The history of Trieste can be read as the record of ascendancy in
Middle Europe. The Romans founded the city as they expanded their empire
in the second century BC. When Rome collapsed in the fifth century AD,
Trieste was overrun by the Huns, and then fell under Byzantine rule.
Next in line were the Carolingians, followed by the Venetians. For one
year, 1381 to 1382, Trieste held a tenuous independence, which ended
when it submitted to Austria as a preferable alternative to Venetian
rule. The French, this time led by General Bonaparte, conquered it again
in 1797 and handed it over to the Austro-Hungarian Empire. Finally—or
rather, for now—it has been a part of Italy, having been awarded
after World War I as a trophy for Italy's participation on the side
of the Allies. Recent decades have not been so calm in neighboring Istria,
which was part of Yugoslavia and now sits on the border between Slovenia
and Croatia.
So goes the story of Claudio Magris's homeland. But not the whole story—for
the idea of a "homeland" carries with it a sense of attachment to the
permanence of a place, not the evanescence of its national identity.
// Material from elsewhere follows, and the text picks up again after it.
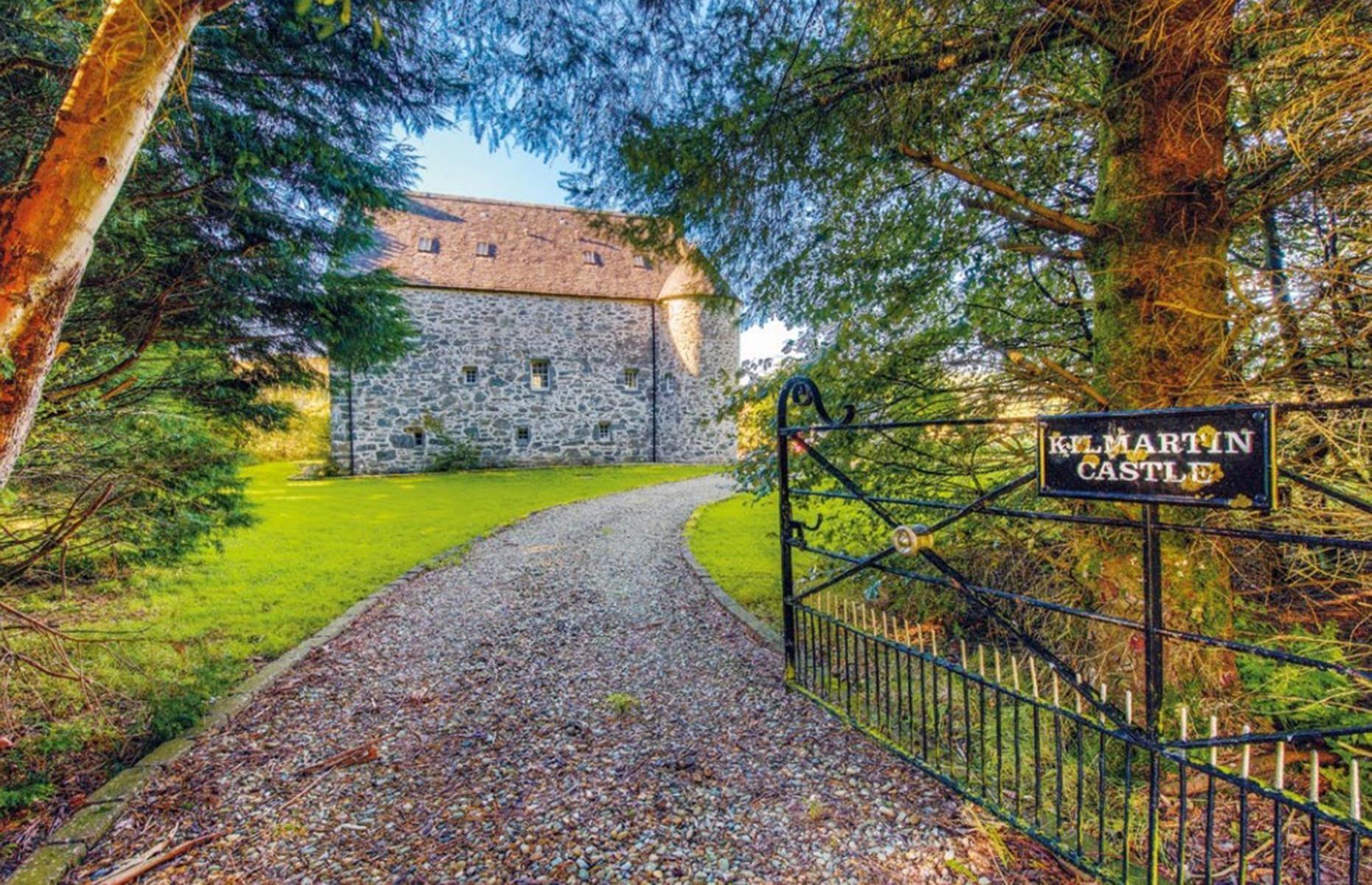 Kilmartin Castle: Vorher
And this other Trieste has defined itself not by change but by the constants
of the land—the Adriatic coastline, the Tyrolean mountains, the
forests—and the character of its inhabitants. Magris's latest
book, Microcosms (first published in the Italian in 1997, the
new English edition is an intelligent translation by Iain Halliday),
is an irenic tour of the region's roiling history and a loving tribute
to its beauty, its people, and its resilience. It is a search for what
the region is and how it has repeatedly defied acts of ownership.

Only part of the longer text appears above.